Instructions to follow>
No image is to be carried over; reproduce the rest of the listing word for word.

**********

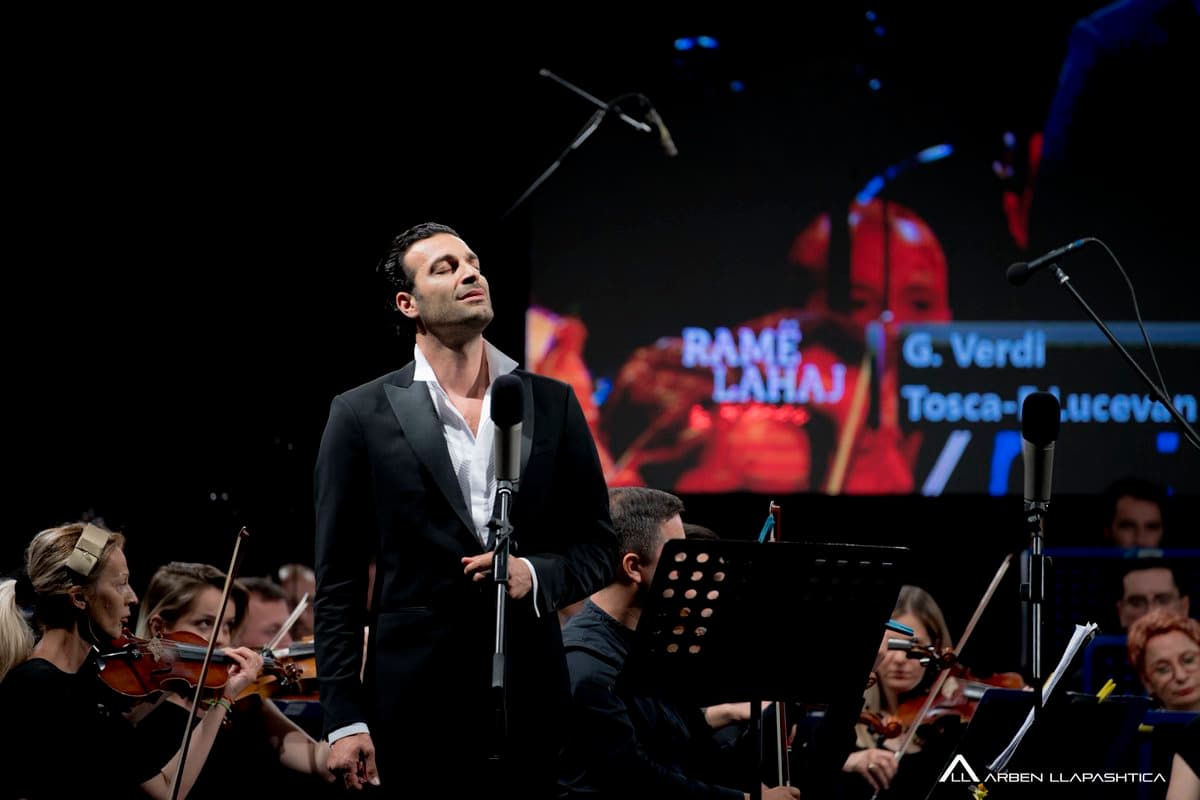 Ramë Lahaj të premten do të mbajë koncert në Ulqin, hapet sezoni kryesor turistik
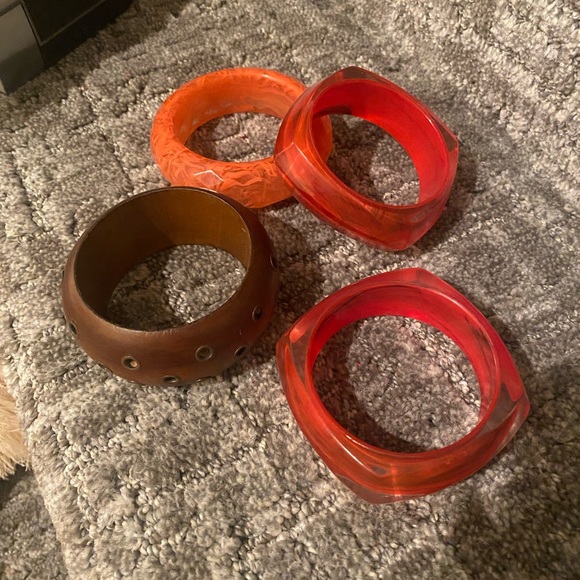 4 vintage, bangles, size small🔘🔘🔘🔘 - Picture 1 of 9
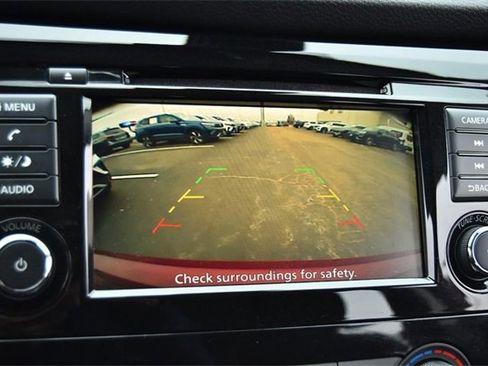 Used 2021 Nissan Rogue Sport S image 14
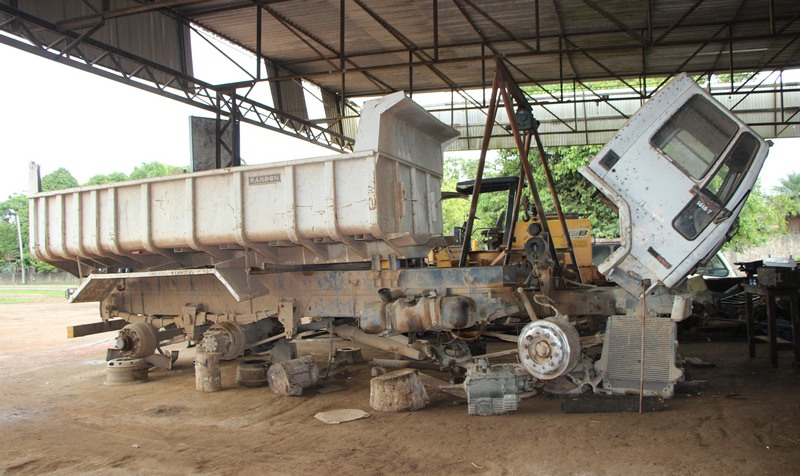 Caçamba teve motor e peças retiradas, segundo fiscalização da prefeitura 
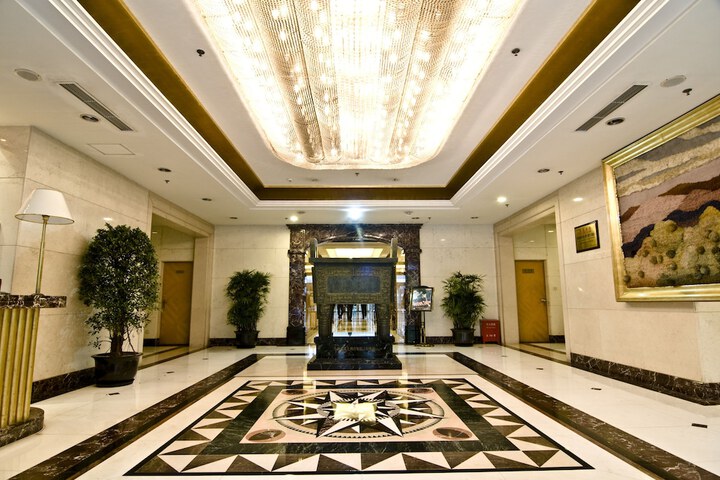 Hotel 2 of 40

**********

Exercise response>
 Ramë Lahaj të premten do të mbajë koncert në Ulqin, hapet sezoni kryesor turistik
 4 vintage, bangles, size small🔘🔘🔘🔘 - Picture 1 of 9
 Used 2021 Nissan Rogue Sport S image 14
 Caçamba teve motor e peças retiradas, segundo fiscalização da prefeitura 
 Hotel 2 of 40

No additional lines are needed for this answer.